Recorded data section start

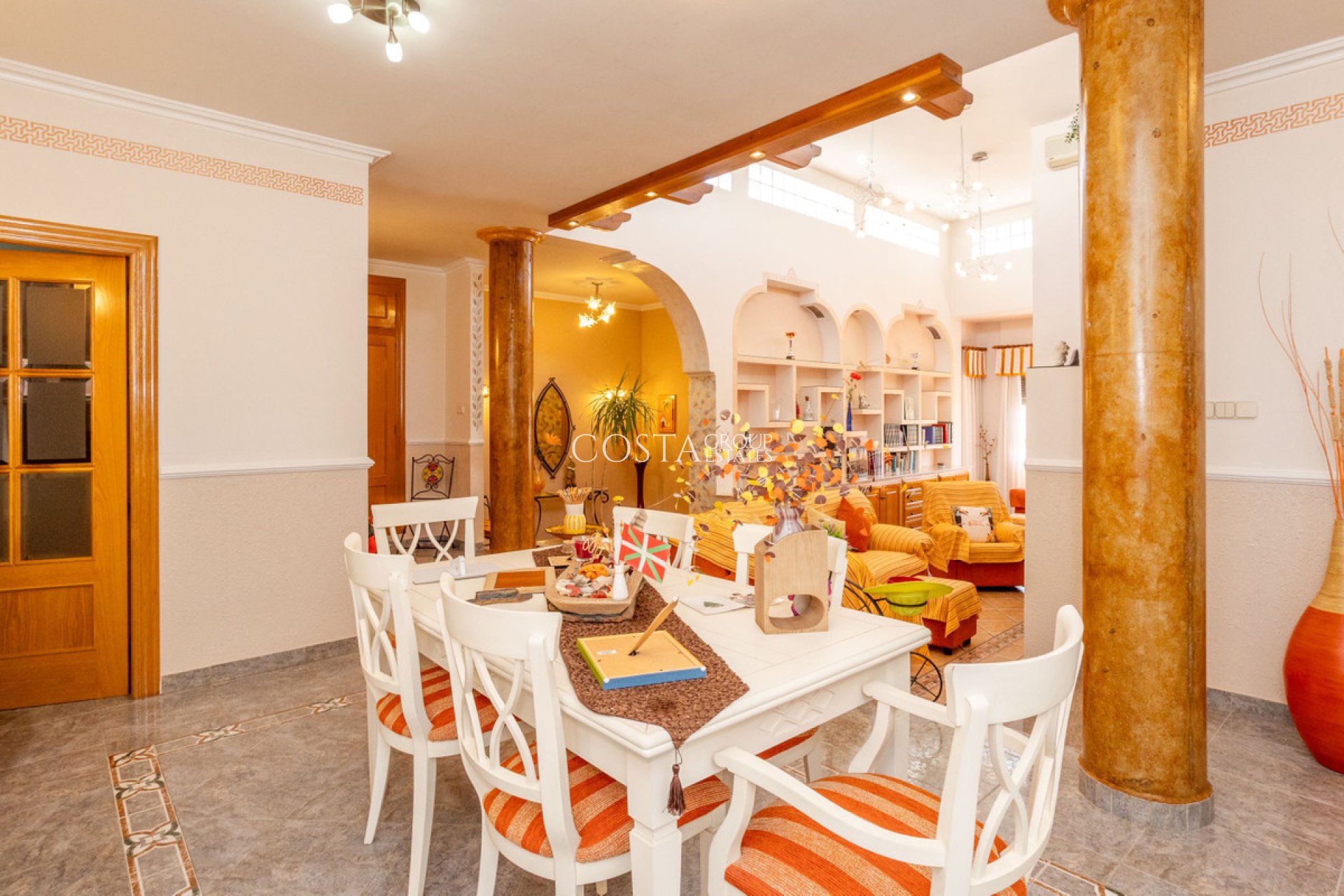 Herverkoop - Villa -
La Union - La Union Centro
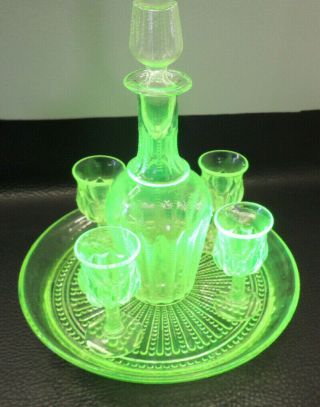 Val Saint Lambert Vaseline Glass Liquor Decanter 4 Glasses W /serving Tray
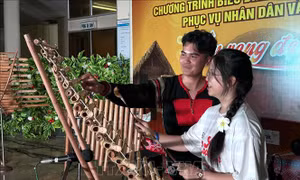 Trại hè Việt Nam 2025: Tuổi trẻ kiều bào được 'đắm mình' trong văn hóa Tây Nguyên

Recorded data section end

_What this task involves:_
Word for word, print all of the data; skip the pictures.

_Response area:_
 Herverkoop - Villa -
La Union - La Union Centro
 Val Saint Lambert Vaseline Glass Liquor Decanter 4 Glasses W /serving Tray
 Trại hè Việt Nam 2025: Tuổi trẻ kiều bào được 'đắm mình' trong văn hóa Tây Nguyên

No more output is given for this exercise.